Seriously? - “Rights holders are finding it difficult to control the use of their works in training AI models”? “finding it difficult”? That’s a very conciliatory way to say “individuals that lack recourse are having the ownership of their works violated en masse”. By an industry spread almost exlusively between the USA and China, no less.
Anubis
Anyway - anubis is a proof-of-work middleware that sits in front of your site and issues challenges to clients. The short summary of anubis’ proof-of-work is like this:
- I give you a ‘challenge’. Say ‘Thursday’.
- I give you a ‘difficulty’. In anubis’ case, this is the number of leading zeroes your answer should have.
- You sha256sum my challenge with varying nonces until you have a hash with the right number of leading zeroes.
- You give me your answer, including the nonce that generated a suitable answer.
- I confirm that the shasum of the challenge + nonce has the right number of leading zeroes.
- I hand you a cookie that you provide on future requests so you don’t need to go through this again.
Step 3 is the work, and the proof of that work is the nonce. It does work - maybe two thirds of all requests I used to see on my dinky website are now stopped at the front door. Of course the reason it works isn’t because AI scrapers aren’t able to run a little script - they can and do, and some still get through. But it changes the finances. It makes it just that little bit more expensive to scrape me, and in a lot of cases, that seems to be enough.
Downsides
I don’t really want javascript on my site. Sure, the music pages use it - there’s not much else I can do to trigger playback. But the rest has always been plain HTML and CSS. So adding javascript just to load the site is rather sad.

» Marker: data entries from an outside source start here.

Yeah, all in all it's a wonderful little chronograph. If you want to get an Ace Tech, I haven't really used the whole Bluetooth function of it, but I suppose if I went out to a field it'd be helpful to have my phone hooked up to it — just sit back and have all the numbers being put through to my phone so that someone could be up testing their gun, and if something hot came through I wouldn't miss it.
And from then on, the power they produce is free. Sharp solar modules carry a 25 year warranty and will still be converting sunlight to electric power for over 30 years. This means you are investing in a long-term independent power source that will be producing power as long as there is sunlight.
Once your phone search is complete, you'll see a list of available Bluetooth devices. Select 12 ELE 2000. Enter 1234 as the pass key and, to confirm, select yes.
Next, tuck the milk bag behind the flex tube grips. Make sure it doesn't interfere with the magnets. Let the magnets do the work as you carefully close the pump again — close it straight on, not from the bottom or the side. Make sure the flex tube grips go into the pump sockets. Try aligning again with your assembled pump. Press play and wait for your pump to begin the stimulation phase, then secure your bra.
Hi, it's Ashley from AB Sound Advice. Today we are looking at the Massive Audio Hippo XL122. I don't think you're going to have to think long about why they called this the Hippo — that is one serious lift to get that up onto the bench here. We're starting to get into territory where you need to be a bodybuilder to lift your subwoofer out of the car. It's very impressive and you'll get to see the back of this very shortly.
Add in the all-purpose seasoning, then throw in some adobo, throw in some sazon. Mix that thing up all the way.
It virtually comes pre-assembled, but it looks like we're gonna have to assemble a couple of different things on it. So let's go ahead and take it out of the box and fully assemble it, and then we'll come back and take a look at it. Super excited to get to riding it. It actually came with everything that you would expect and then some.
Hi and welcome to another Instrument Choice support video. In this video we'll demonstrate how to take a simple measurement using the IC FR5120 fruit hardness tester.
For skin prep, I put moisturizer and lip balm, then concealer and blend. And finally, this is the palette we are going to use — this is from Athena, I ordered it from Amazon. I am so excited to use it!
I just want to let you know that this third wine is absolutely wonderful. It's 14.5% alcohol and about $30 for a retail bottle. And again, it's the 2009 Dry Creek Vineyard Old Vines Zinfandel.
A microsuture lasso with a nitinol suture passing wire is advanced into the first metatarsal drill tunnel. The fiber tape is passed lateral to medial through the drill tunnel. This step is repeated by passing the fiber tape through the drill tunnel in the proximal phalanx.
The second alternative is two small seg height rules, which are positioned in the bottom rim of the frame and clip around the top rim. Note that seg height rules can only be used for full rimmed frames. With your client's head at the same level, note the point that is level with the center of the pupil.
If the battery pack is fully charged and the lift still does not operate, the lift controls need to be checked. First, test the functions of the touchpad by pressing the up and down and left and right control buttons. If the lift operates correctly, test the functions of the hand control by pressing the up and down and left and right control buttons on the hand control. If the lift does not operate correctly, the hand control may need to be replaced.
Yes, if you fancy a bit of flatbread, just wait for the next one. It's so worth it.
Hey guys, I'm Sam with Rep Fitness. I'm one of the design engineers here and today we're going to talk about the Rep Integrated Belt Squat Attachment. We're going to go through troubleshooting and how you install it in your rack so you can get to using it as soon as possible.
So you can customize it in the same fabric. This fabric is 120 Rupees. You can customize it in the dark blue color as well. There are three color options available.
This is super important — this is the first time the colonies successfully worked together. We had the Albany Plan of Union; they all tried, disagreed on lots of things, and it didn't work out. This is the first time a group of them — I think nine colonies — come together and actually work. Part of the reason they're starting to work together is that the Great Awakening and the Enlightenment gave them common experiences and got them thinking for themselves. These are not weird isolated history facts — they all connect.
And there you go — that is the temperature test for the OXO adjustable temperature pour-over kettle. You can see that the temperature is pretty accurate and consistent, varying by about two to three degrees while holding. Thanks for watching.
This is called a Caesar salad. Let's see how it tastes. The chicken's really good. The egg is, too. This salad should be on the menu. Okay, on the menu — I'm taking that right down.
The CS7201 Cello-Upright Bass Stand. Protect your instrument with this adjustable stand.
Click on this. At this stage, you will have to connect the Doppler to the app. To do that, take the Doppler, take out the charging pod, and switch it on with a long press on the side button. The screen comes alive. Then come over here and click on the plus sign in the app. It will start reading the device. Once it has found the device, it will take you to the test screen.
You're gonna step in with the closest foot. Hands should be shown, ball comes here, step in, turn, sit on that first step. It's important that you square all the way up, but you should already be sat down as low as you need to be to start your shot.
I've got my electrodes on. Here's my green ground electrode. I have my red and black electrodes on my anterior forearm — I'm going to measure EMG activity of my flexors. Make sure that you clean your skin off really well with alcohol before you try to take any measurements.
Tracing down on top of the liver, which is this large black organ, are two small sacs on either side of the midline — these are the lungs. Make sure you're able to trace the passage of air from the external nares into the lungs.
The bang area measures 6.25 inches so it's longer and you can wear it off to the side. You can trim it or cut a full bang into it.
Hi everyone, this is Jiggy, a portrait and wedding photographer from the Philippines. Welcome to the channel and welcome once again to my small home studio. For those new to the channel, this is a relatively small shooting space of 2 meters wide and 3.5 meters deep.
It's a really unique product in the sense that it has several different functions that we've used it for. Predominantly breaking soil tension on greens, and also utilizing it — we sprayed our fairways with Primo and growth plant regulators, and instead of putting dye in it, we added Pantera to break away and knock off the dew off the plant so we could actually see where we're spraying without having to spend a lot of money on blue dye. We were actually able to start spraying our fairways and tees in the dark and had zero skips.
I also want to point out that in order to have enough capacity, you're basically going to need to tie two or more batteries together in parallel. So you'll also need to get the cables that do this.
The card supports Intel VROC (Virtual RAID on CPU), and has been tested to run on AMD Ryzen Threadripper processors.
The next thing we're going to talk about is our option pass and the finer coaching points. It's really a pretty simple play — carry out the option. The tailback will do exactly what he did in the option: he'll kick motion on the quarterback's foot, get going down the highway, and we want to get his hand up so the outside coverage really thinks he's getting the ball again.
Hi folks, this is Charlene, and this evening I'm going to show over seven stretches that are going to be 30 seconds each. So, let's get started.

The little mascot I could do without. And really, I could just remove it myself. I’m compiling anubis myself, instead of using the prebuilt docker image. I’ve already changed the styling to have it match the rest of the site. Removing the mascot and small advert for the author’s business is simple. But out of respect for the author (and their specific offer to provide a white-label version for a fee), I’ve left these elements in.
Containers
When setting up anubis, I did consider using the container images provided by the author. For a while now, I’ve been thinking about migrating everything I run on my servers to containers on top of a small Kubernetes cluster. It’s my job, so I know how to do it, and I don’t think it’s much work.
This would allow me to play with things like Yoke.
Or I could skip Kubernetes entirely and use something like Kamal. Although the lack of formal Podman support is a bummer.
Of course, I run quite a few things these days. Running Misskey in a cluster isn’t that hard, but migrating my existing postgresql instance would take a fair amount of time. I’m much more familiar with MariaDB. It would just be two deployments with hostPath mounts to an NFS directory. Unworkable at scale, but it’ll do for a dinky private site. Komga and Jellyfin would be simpler, as they come with all their nuts and bolts pre-fitted. This website would probably just be an nginx pod.
Calico could hand out private addresses within the home subnet, but outside the pool. And kubernetes-ingress could just use the host network so my A records can stay the same.
But I’m always left with the same sort of hesitation. Like, it’s a lot of work. To mostly get back to my starting position. It isn’t like I need to, or even could scale the things I run. You can’t simply spin up twenty postgres pods and have twenty-way load distribution. If everything is on one disk, then you’re bound to one disk’s worth of IO. The benefit is distributing CPU and memory load - which isn’t an issue I’m close to having.
Maybe I’ll do it at some point. I don’t know. It wouldn’t hurt to have somewhere to play with gateways.
But then again, do I really want to convert my nftables ruleset to iptables-syntax, so when kube-proxy shits all over said rules, I can follow everything in one place? Probably not. So maybe I wont do it at some point.